わたしたちは現実のオフィス街を歩くとき、そこを歩いている人たちのことを、清潔できれいだと思う。それと同時に、企業がもっている、隠された悪意をひしひしと感じる。

オフィス街の、建物のデザインが、かれらを表象している。真っ平らでつるつるで、しみひとつないが、ぎらりと輝くガラスの照り返しと尖った角は、じつはひどく排他的で、人間を迫害してやまない。実際に金を動かす段になると、そのエッジィな感覚が、舞台設定としてたまらなくいい。

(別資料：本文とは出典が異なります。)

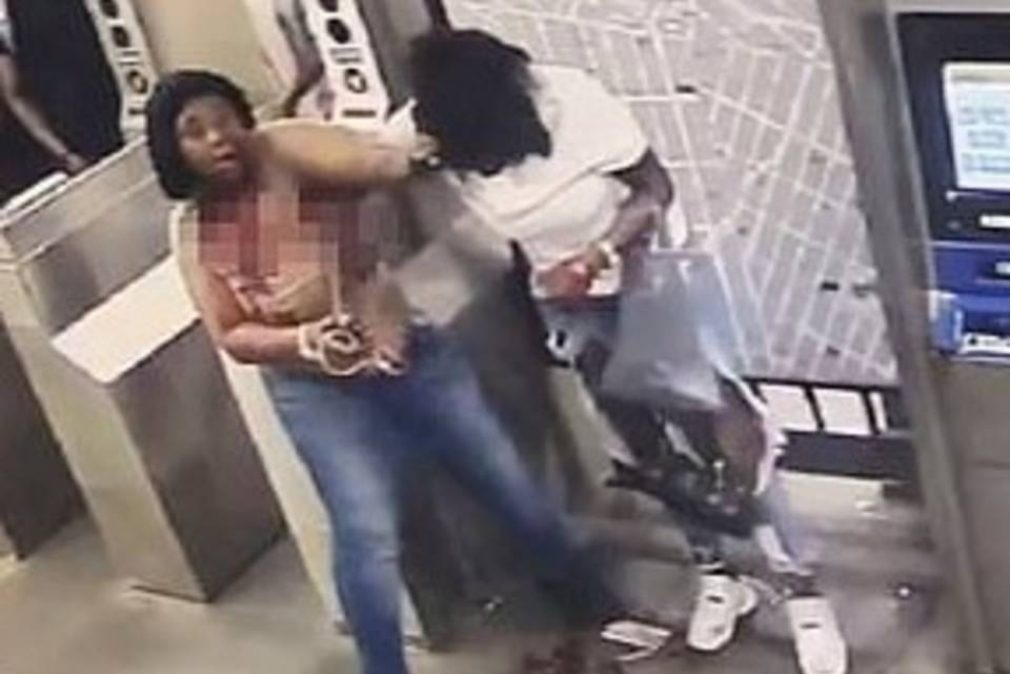 Jovem mata mulher à facada no metro de Nova Iorque [vídeo +18]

あるいは、繁華街を歩くときには、見た目はあんまり清潔じゃないかもしれないし、優しいのも乱暴なのもいるけれど、とにかくは人間の心をもった人々がいる。お店の意匠も看板も、てんでばらばらで、美的な統一感はないけれど、いろんな人が自由に、好きにやっているのだから、あたりまえのことだ。

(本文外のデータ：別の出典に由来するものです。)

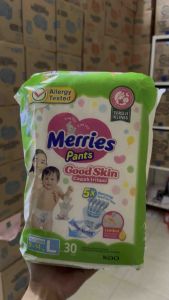 Merries Paket 2 Ball Nbs40 M32 L28 XL26 Popok Bayi Celana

つまり、街が人を表象し、その逆もまたしかりなのである。

DLCの発表をきっかけに、3年ぶりにナイトシティを再訪した。この街の住民たちは、みんな、いい演技ができる。そのへんを散歩すると、道端で世間話をし、煙草をすい、ドラッグをやる。だれかがだれかを殴ったり、抱きしめたり、殺したりしている。

これらの仕草の多くは、人間の行いのうちでも、かなり極端なものだ。しかし、それでも虚構のヴェールが裂けないのは、彼らがまさにこの街に、ナイトシティにいるからだ。ぎらぎらしたネオン、排水の異臭、運命に打ちのめされてぼろぼろになった哀れな敗者を見下ろす摩天楼。街と人とが相互を補完して、この虚構の世界を、まったく強固なものにしている。その美しさには、諸手をあげて感心するほかない。

「仮初めの自由」の舞台は、このナイトシティの一角、パシフィカの廃スタジアム周辺、ドッグタウンたる地域である。

ロアをおさらいすると、ナイトシティは北アメリカ大陸の西岸、ロサンゼルスとサンフランシスコの中間あたりにあるが、どの国にも所属していない自由都市だ。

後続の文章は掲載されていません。